Igual que uno no termina de entender por qué si en el artículo 14 de la Constitución se declara la igualdad de los españoles ante la ley y luego unos pocos gozan de la prebenda de saltarse la estipulación a la torera, en virtud de inviolabilidades e inmunidades inadmisibles, más propias del Antiguo Régimen o de repúblicas bananeras que de un Estado Social de Derecho, tampoco acaba de entenderse por qué se acepta que el arte pueda manipularse en circunstancias específicas, siendo empleado como máscara indecente para atenuar las tropelías de algunos.

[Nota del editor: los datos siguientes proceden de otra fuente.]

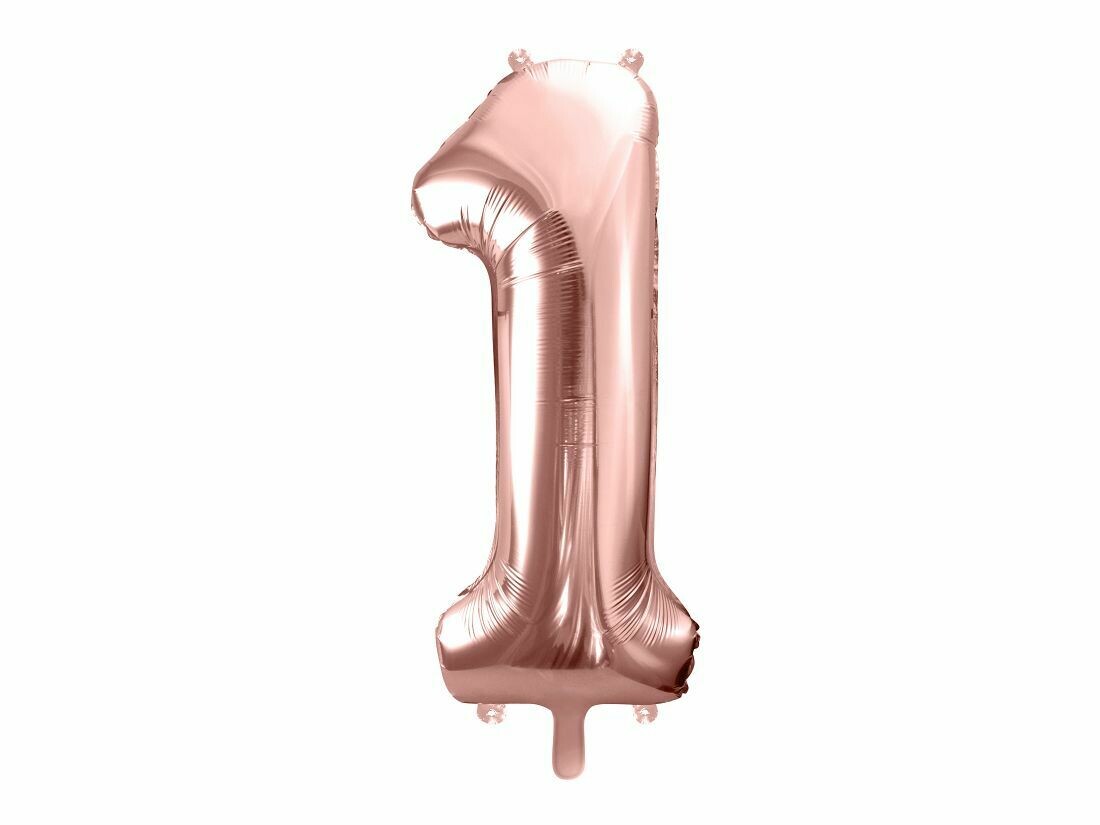 ​Folijas balons – cipars "1", 86cm, rozā zelta krāsa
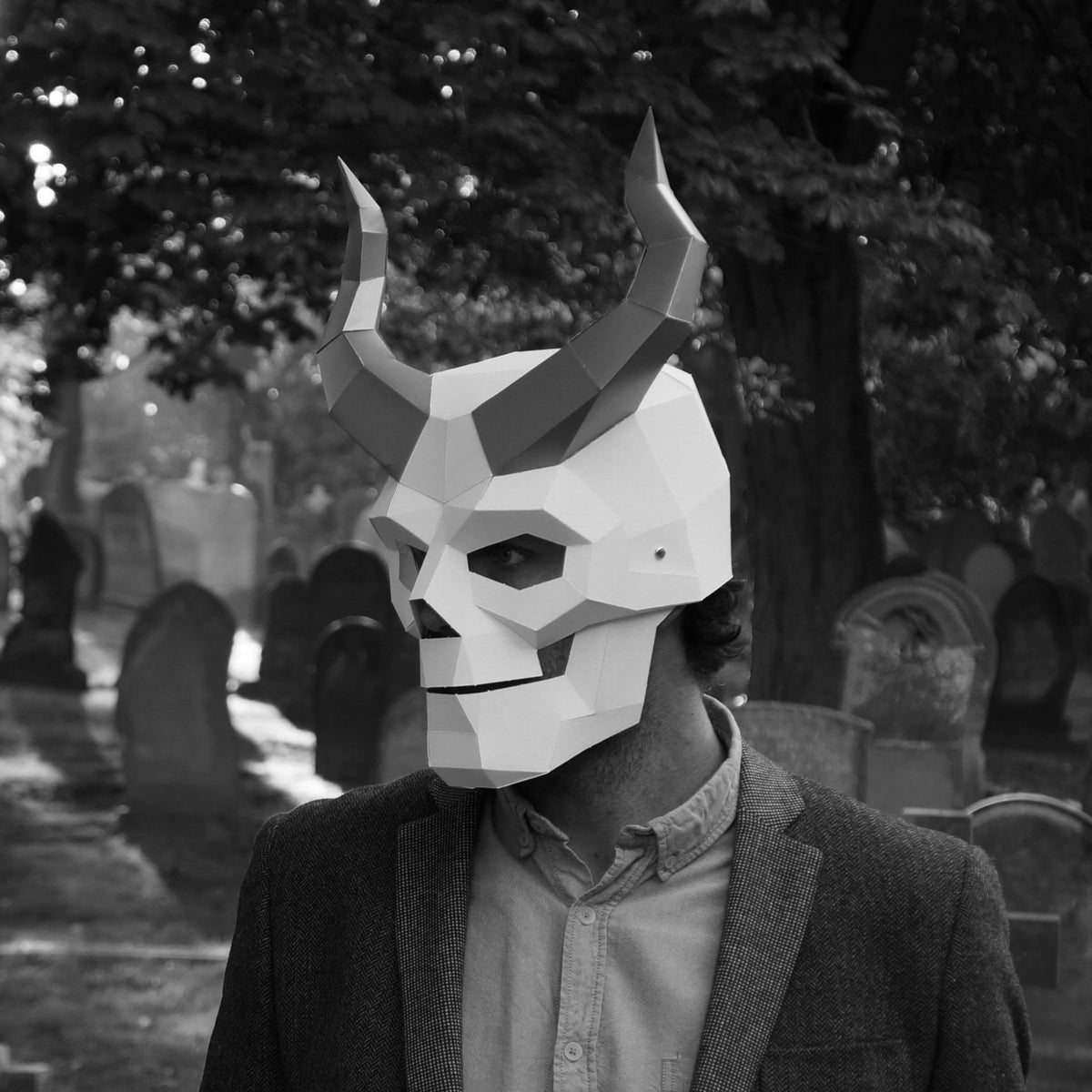 Horned Skull Mask | Geometric Cardboard Paper Mask | PDF Download - Wintercroft-Mask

A las mientes me viene el caso más reciente, que es el del célebre Farruquito. Del arte del bailaor –que yo no pongo en duda, Dios me libre– hay quien espera que le conmuten la pena de tres años de prisión por una multa y unas palmaditas en el hombro. Porque, quién se atreve a discutirlo, el arte de Farruquito es lo más grande que se ha visto en el flamenco en, por lo menos, el último siglo. Farruquito, estrella rutilante en España y allende los mares, no debe en verdad ir a la cárcel por haber conducido sin carné a una velocidad desmesurada, haber atropellado a una persona y haberla abandonado en la calzada hasta morir, y haberle endosado posteriormente los hechos a su hermano, menor de edad y a la sazón irresponsable penalmente. El deslumbrante zapateado de Farruquito bien merece que se olviden estos intrascendentes sucesos, que además es probable que no se vuelvan a repetir –ya sería mala suerte. Como muestra, sólo hay que ver que el bailaor no para de “girar” por el extranjero, máxime –pura casualidad– desde que el muerto de Málaga tuvo la desconsideración de cruzarse en el camino del divino. Y es que, privados del genio artístico de Farruquito, estaríamos como a oscuras. Imaginen un apagón perpetuo: pues eso mismo. Por ello se impone buscar medidas de conciliación entre el homicidio y el arte: que el bailaor ingrese en prisión y pueda al tiempo dedicarse a un “palo” distinto. Seguro que el Rock de la Cárcel le cae que ni pintado.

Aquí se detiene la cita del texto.